Returns on Event Processing
By perren.walker on Sep 19, 2008
Returns on event processing are highly specific to the industries in which they operate. Event processing does not lend it self to general return on investment characterizations of enterprise technologies. For example, middleware technology can enable customer self-service and consequently reduce the capacity requirements of a human sales and service organization. Organizations also employ middleware technology for internal facing self-service applications. Another example, data backup and disaster recovery can be viewed as a form of self-insurance. Both middleware and data backup have broad business value propositions that cross industry boundaries, with investment returns clearly tied to use cases.
For organization that has not evaluated the business impact of event processing, how can one imagine the potential returns on event processing? Identifying event processing opportunities within your organization can be extremely profitable resulting in improved processes, customer interaction and ultimately margin expansion. At worst, asking and exploring this question may lead to a better understanding of your internal processes and value flow within your organization. Lets take a look at existing event processing use cases and examine how event processing is used to identify and capture value:
Aircraft collision avoidance systems, their investment return is immeasurable preventing the loss of life. Yet in the shipping industry, some 18 years after the Exxon Valdez, there are still maritime collisions occurring such as the Cosco Busan’s collision with the San Francisco Bay Bridge on November 7, 2007. So clearly, very large opportunities still exist for event processing today.

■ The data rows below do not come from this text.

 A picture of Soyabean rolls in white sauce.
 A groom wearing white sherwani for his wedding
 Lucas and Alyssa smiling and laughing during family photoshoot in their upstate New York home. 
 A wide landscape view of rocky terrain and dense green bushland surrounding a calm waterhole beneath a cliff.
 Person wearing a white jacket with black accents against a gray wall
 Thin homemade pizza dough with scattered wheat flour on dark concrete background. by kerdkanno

With algorithmic trading, event processing enables the profitable capture of very small returns. Achieving a one-tenth-of-one-percent net-return (0.10%) on selling a security might not sound very appealing; however, if you were able to achieve that net-return every day without loss, over 200 trading days you would have a 22.12% compounded-return.
The above two investment returns could not seem more different - identifying and capturing lots very small returns and identifying and avoiding, relatively infrequent, costly outcomes. Both examples are enabled by the low marginal cost of event processing. In both cases significant returns are achieved. When evaluating event processing opportunities within your enterprise, keep these examples in mind as you look to identify and capture value that may be left on the table with your existing processes. There is almost no return too small for an event processor to programmatically detect and capture.

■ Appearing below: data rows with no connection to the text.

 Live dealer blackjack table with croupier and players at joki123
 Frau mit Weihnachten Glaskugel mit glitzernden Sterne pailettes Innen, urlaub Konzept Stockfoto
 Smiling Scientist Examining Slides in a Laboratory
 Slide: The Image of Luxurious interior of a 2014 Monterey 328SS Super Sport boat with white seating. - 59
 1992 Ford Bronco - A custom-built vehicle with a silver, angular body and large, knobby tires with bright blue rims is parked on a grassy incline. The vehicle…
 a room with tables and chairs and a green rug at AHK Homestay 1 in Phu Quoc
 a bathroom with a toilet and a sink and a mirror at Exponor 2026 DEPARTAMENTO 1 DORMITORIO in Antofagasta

Now lets examine the role that human interaction versus automated processing plays event processing opportunities. Take for example programmed trading, if a true arbitrage opportunity exists, frequently trades are automatically placed - no human intervention is required. If the opportunity is less certain with a larger time-window, a trader may be asked to make the final decision. With human intervention there is a higher cost associated with human involvement and hopefully a corresponding return that justifies that cost. The net effect is business process segmentation, where a potential return can be matched to a process resulting in a profitable transition. This finance example is an internal process, however, there is no reason why customer-facing process couldn’t benefit as well.
Both examples outlined above are core to their respective business and the total return from each respective use case can be immense. With the dramatic fall in the cost of event processing development and maintenance, it is worth exploring the profitability of event processing within every area your organization, not just the core business.